Par une requête et un mémoire en réplique, enregistrés au secrétariat du contentieux du Conseil d'Etat le 27 août 2018 et le 8 février 2019, M. A...B...demande au Conseil d'Etat :

1°) d'annuler la décision du 5 avril 2018 par laquelle l'Agence française de lutte contre le dopage (AFLD) a prononcé à son encontre la sanction de l'interdiction de participer pendant deux ans aux manifestations sportives organisées ou autorisées par la Fédération française motonautique, la Fédération française du sport d'entreprise, la Fédération sportive et culturelle de France, la Fédération sportive et gymnique du travail et l'Union française des oeuvres laïques d'éducation physique ou, subsidiairement, de minorer la sanction infligée ;

2°) de mettre à la charge de l'Agence française de lutte contre le dopage une somme de 3 000 euros au titre de l'article L. 761-1 du code de justice administrative.

Vu les autres pièces du dossier ;

Vu :

- le code du sport ;

- l'ordonnance n° 2018-1178 du 19 décembre 2018 ;

- le décret n° 2016-1923 du 19 décembre 2016 ;

- le code de justice administrative ;

Après avoir entendu en séance publique :

- le rapport de M. Yves Doutriaux, conseiller d'Etat,

- les conclusions de Mme Sophie Roussel, rapporteur public.

La parole ayant été donnée, avant et après les conclusions, à la SCP Foussard, Froger, avocat de M.B..., et à la SCP Matuchansky, Poupot, Valdelièvre, avocat de l'Agence française de lutte contre le dopage ;

Considérant ce qui suit :

1. Le 8 avril 2017 M. A...B...qui participait à la course de jet-ski intitulée " Karujet ", a fait l'objet à Petit-Bourg (Guadeloupe) d'un contrôle par l'Agence française de lutte contre le dopage dont les résultats ont fait ressortir la présence de prednisone et prednisolone, substances dites spécifiées, appartenant à la classe des glucocorticoïdes à des concentrations estimées à 533ng/ml et 141 ng/ml. Ces résultats lui ont été notifiés par lettre reçue le 13 juin 2017. Les résultats du contrôle de l'échantillon B auquel il avait été procédé à sa demande ont confirmé les résultats de la première analyse. Ils lui ont été notifiés par lettre reçue le 28 juillet 2017. A raison de ces faits, l'Agence française de lutte contre le dopage lui a infligé, le 5 avril 2018, la sanction de l'interdiction de participer pendant deux ans aux manifestations sportives organisées ou autorisées par la Fédération française motonautique, la Fédération française du sport d'entreprise, la Fédération sportive et culturelle de France, la Fédération sportive et gymnique du travail et l'Union française des oeuvres laïques d'éducation physique et de la publication d'un résumé de cette sanction par voie électronique pendant la durée de la sanction sur le site de l'Agence et aux bulletins des fédérations concernées et du ministère des sports. M. B...demande l'annulation de cette sanction.

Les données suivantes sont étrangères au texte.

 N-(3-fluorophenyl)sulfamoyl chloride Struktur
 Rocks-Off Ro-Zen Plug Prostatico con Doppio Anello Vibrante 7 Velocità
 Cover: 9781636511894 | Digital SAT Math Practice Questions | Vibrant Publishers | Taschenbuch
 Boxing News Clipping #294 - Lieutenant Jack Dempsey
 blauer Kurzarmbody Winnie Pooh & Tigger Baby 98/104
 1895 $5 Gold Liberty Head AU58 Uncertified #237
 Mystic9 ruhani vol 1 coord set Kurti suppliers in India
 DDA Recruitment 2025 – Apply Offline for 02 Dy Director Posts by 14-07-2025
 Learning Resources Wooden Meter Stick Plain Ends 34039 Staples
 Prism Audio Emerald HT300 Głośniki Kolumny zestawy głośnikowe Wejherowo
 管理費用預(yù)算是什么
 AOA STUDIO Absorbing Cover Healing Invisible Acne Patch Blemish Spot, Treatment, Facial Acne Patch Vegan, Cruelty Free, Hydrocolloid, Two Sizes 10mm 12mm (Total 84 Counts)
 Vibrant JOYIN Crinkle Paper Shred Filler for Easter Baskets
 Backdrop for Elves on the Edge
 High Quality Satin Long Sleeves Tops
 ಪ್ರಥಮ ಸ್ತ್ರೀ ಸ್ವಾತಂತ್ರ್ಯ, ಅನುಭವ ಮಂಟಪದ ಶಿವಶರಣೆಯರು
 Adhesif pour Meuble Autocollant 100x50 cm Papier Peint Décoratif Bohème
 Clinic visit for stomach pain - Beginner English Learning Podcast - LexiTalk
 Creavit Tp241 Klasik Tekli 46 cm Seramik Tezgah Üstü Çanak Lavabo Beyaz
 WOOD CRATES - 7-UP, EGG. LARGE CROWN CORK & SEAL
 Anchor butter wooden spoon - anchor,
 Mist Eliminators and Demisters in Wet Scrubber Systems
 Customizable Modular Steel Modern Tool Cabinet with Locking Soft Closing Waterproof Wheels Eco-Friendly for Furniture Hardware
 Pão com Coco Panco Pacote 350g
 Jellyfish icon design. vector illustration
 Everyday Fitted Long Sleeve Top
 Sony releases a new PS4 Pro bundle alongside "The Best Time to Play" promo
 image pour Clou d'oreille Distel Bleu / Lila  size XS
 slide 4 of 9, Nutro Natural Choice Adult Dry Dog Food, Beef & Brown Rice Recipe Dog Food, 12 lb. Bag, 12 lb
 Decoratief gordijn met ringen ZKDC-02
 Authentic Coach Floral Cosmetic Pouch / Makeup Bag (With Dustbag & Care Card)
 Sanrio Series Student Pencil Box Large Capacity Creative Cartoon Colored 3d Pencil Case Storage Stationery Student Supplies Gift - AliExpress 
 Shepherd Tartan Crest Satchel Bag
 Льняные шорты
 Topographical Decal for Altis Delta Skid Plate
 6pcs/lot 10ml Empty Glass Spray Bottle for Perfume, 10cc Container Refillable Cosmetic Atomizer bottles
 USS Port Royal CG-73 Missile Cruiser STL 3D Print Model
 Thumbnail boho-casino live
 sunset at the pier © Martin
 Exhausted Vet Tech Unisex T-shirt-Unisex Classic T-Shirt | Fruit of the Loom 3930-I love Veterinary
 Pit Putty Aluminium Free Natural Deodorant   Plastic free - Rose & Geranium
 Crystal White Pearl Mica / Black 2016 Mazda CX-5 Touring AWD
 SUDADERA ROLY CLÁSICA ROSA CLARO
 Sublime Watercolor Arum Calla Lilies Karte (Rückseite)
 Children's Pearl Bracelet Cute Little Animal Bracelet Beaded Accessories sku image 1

2. Aux termes de l'article L. 232-9 du code du sport dans sa version en vigueur à la date des faits reprochés : " Il est interdit à tout sportif : / 1° (...) / 2° D'utiliser ou de tenter d'utiliser une ou des substances ou méthodes interdites figurant sur la liste mentionnée au dernier alinéa du présent article. (...) ". Aux termes de l'article L. 232-21 du même code dans sa rédaction applicable à l'espèce, " Toute personne qui a contrevenu aux dispositions des articles L. 232-9, (...) encourt des sanctions disciplinaires de la part de la fédération dont elle est licenciée. ". En vertu des dispositions alors en vigueur du même article, l'organe disciplinaire de première instance de la fédération se prononce dans un délai de dix semaines à compter de la date à laquelle l'infraction a été constatée. Faute d'avoir statué dans ce délai, l'organe disciplinaire de première instance est dessaisi de l'ensemble du dossier, lequel est alors transmis à l'instance disciplinaire d'appel qui rend, dans tous les cas, sa décision dans un délai maximum de quatre mois à compter de la même date. L'article L. 232-22 du même code dans sa version applicable aux faits en cause, dispose que : " En cas d'infraction aux dispositions des articles L. 232-9, (...) l'Agence française de lutte contre le dopage exerce un pouvoir de sanction dans les conditions suivantes : / 1° Elle est compétente pour infliger des sanctions disciplinaires aux personnes non licenciées : / a) Participant à des manifestations ou entraînements mentionnés aux 2° ou 3° du I de l'article L. 232-5 (...) ; / 2° Elle est compétente pour infliger des sanctions disciplinaires aux personnes relevant du pouvoir disciplinaire d'une fédération sportive lorsque celle-ci n'a pas statué dans les délais prévus à l'article L. 232-21. Dans ce cas, l'agence se saisit d'office dès l'expiration de ces délais ; lorsqu'elle intervient en cas de carence de l'instance disciplinaire fédérale d'appel, l'agence peut aggraver la sanction prononcée par la fédération ; / 3° Elle peut réformer les décisions prises en application de l'article L. 232-21. Dans ces cas, l'agence se saisit, dans un délai de deux mois à compter de la réception du dossier complet, des décisions prises par les fédérations agréées ; (...) ".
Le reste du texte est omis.